◆ Brief
Restate, word for word and with no pictures, the stretch of lines in the data below that begins at the line with "Mélanie Wolfram Fig." and ends at the line with "blonde_hair blue_eyes cherry_blossoms", inclusive.

◆ Records for this exercise

►

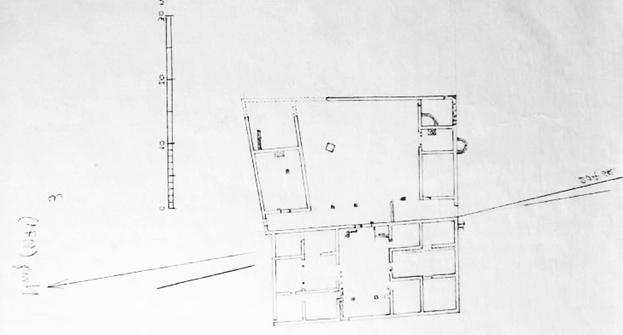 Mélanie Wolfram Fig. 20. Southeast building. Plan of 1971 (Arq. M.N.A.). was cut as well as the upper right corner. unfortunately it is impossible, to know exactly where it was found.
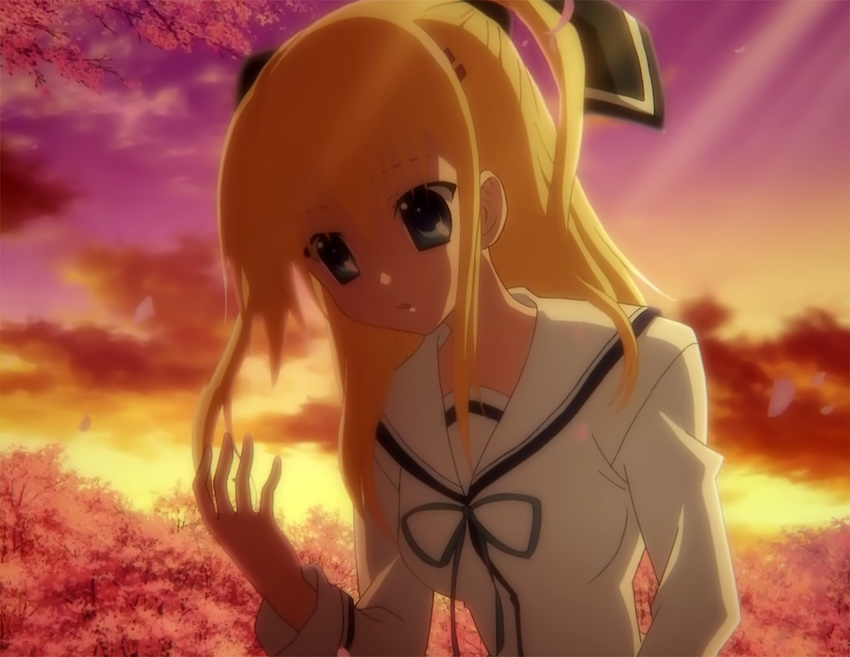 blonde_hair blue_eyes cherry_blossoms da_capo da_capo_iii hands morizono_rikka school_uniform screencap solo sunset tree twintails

◄
►

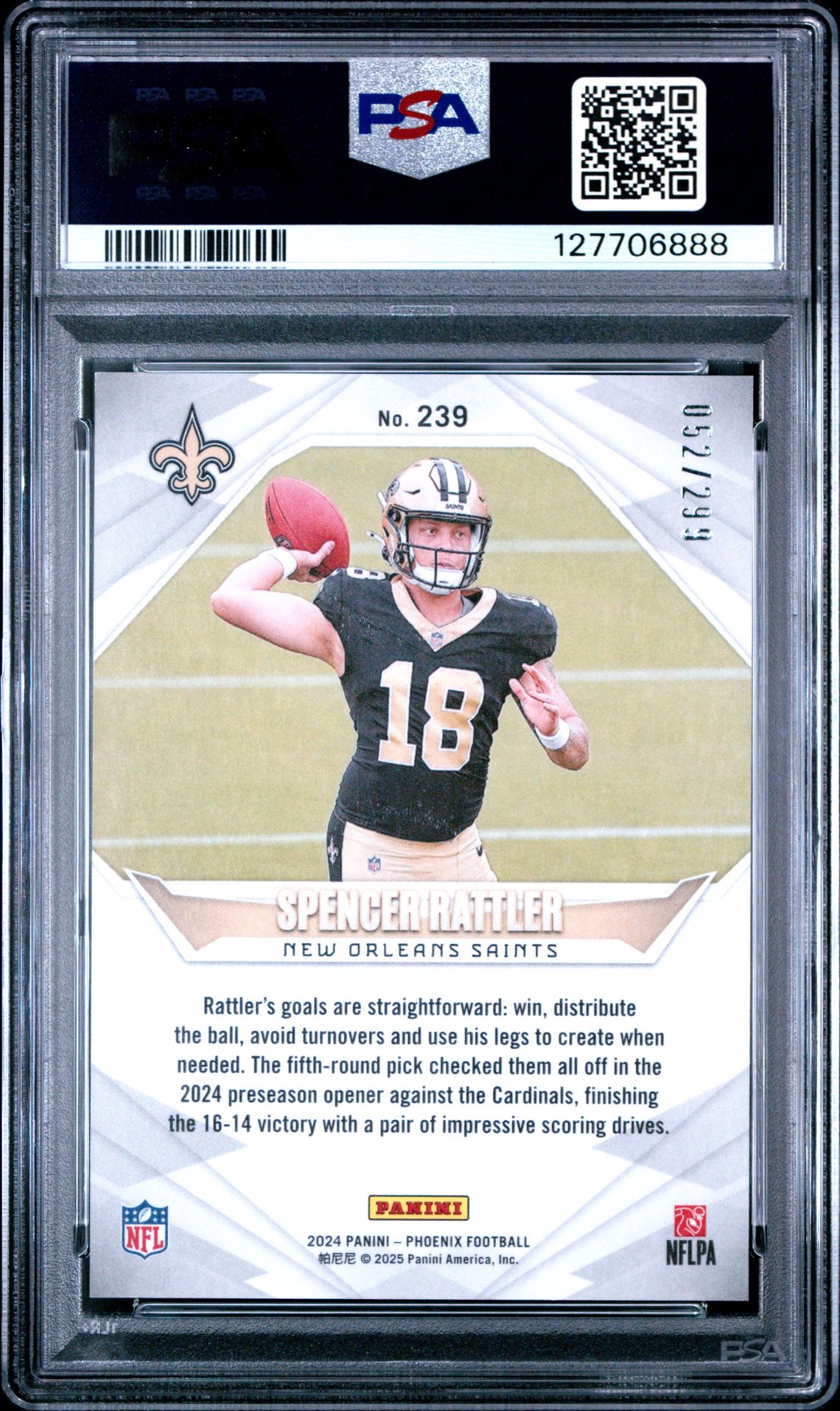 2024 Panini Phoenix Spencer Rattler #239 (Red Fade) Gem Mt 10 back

◄

◆ Problem solution
 Mélanie Wolfram Fig. 20. Southeast building. Plan of 1971 (Arq. M.N.A.). was cut as well as the upper right corner. unfortunately it is impossible, to know exactly where it was found.
 blonde_hair blue_eyes cherry_blossoms da_capo da_capo_iii hands morizono_rikka school_uniform screencap solo sunset tree twintails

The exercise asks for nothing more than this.